The Penalty Box: A Late Winter Carry-In

February 21, 2024 at 8:00 a.m.


I feel very unfocused this week.
It happens almost every year at about this time. There are lots of reasons for it, and I won’t bore you with the details.
Why it matters to you is that you get a column with several different topics today.
Did you see the shot last week that put Iowa’s Caitlin Clark on top of the all-time NCAA women’s scoring list? It’s well beyond 30 feet out beside the giant hawk’s head logo, on the move, as easy and simple as you could ever imagine and straight down the middle of the basket.
It was both amazing and…not.
It was amazing because most humans—male or female—can’t hit the rim from that distance three out of 10 times. She makes four or five shots from the logo region near mid court every game! You look at her shots like those in the same way you’d look at a Michael Jordan dunk—you’ve seen them before, but they never get old.
She’s going to have a really interesting decision coming up when the season ends. She’s eligible for the WNBA Draft in April, and the Indiana Fever have the first overall pick in the draft. At the same time, Clark is in the unusual position of being able to make more money through endorsements and “NIL” deals than she probably can as a professional basketball player.
If she decides to move up, a trip or two to Indy to watch her play would definitely be in the plan this summer.
With the NFL season over, the Bears are now officially on the draft clock with the first pick.
We have heard Bears execs filling the air waves with their praises for current QB Justin Fields lately. That immediately made some Bears fans believe they were going to keep him and trade the pick for a bounty of picks this year and next.
But you cannot automatically interpret these statements that way.
It’s very possible that the Bears are expressing how much they value Fields in an attempt to set the price for getting him in a pre-draft trade higher.
They might be trying to convince other teams “We like Fields enough to keep him, so if you want him, you’ll to pry him away from us.”
Either way, it’s a lot of posturing and you shouldn’t read anything into it.
The IHSAA released the latest enrollment figures for its more than 400 member schools from Angola to Evansville.
Given the way the state will be dividing up the classes moving forward, some significant changes could be coming, especially in Warsaw.
What I am about to write comes with a disclaimer: until the IHSAA releases the official classification breakdown and then the sectional alignments after that, nothing is for sure yet.
That said, it looks like Warsaw will be moving down to 5A in football for the first time. It’s complicated, but two schools from 5A are moving up because of their recent success, and Warsaw would be eligible to drop down. That could potentially put the Tigers into a sectional with Goshen and Concord, or it could send them east or south.

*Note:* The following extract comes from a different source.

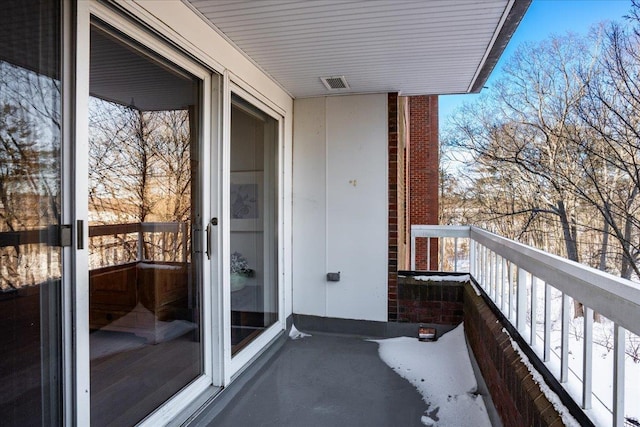 balcony featuring visible vents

For basketball, people who have done their own breakdowns of potential new sectional alignments say Warsaw would likely no longer play in Sectional 4 with the 4A Elkhart County schools and Penn, but would go east into a sectional with Fort Wayne area schools. Important to this discussion is that the IHSAA shrunk 4A in such a way that all basketball sectionals will have five teams instead of six.
I am not losing any sleep over it yet. We’ll see what the IHSAA says this spring.

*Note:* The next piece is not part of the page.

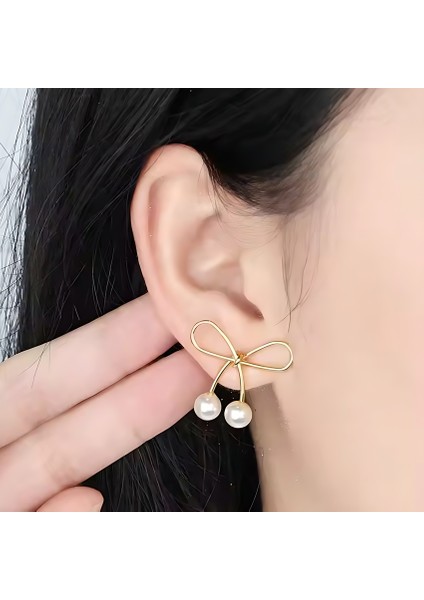 Incili Fiyonk Küpe - Kararmaz Altın Kaplama fırsatları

Pitchers and catchers have reported to baseball training camps, but there are more than 100 unrestricted free agents who are still looking for new homes for 2024.
The same was true last season.
It seems that teams are starting to draw a line in the batters box about how much they are going to spend on players.
Players’ representatives are asking more and more for their clients’ services, and teams are just not rushing to write those checks.
I make no value judgements here about whether the players deserve it or whether the owners can afford it. It’s irrelevant to this discussion.
As negotiations go, we are in the tenth hour and the 11th hour is usually when things start happening.
For Cubs fans, with their favorite team and Cody Bellinger still about $40-$50 million apart, the waiting is getting very nerve wracking. But I believe that Bellinger is the lynch pin to the entire free agent market. When he signs somewhere, everyone else will start flying off the shelves.
Also consider these things.
Air friers are in the lead for the greatest inventions of the 21st Century.
I’d like to see VR companies come up with sports-related programs that make the user be the referee or umpire in a professional level game. I think that would change the way some people treat officials.
I miss Penguin Point chicken.
See ya next week.

I feel very unfocused this week.
It happens almost every year at about this time. There are lots of reasons for it, and I won’t bore you with the details.
Why it matters to you is that you get a column with several different topics today.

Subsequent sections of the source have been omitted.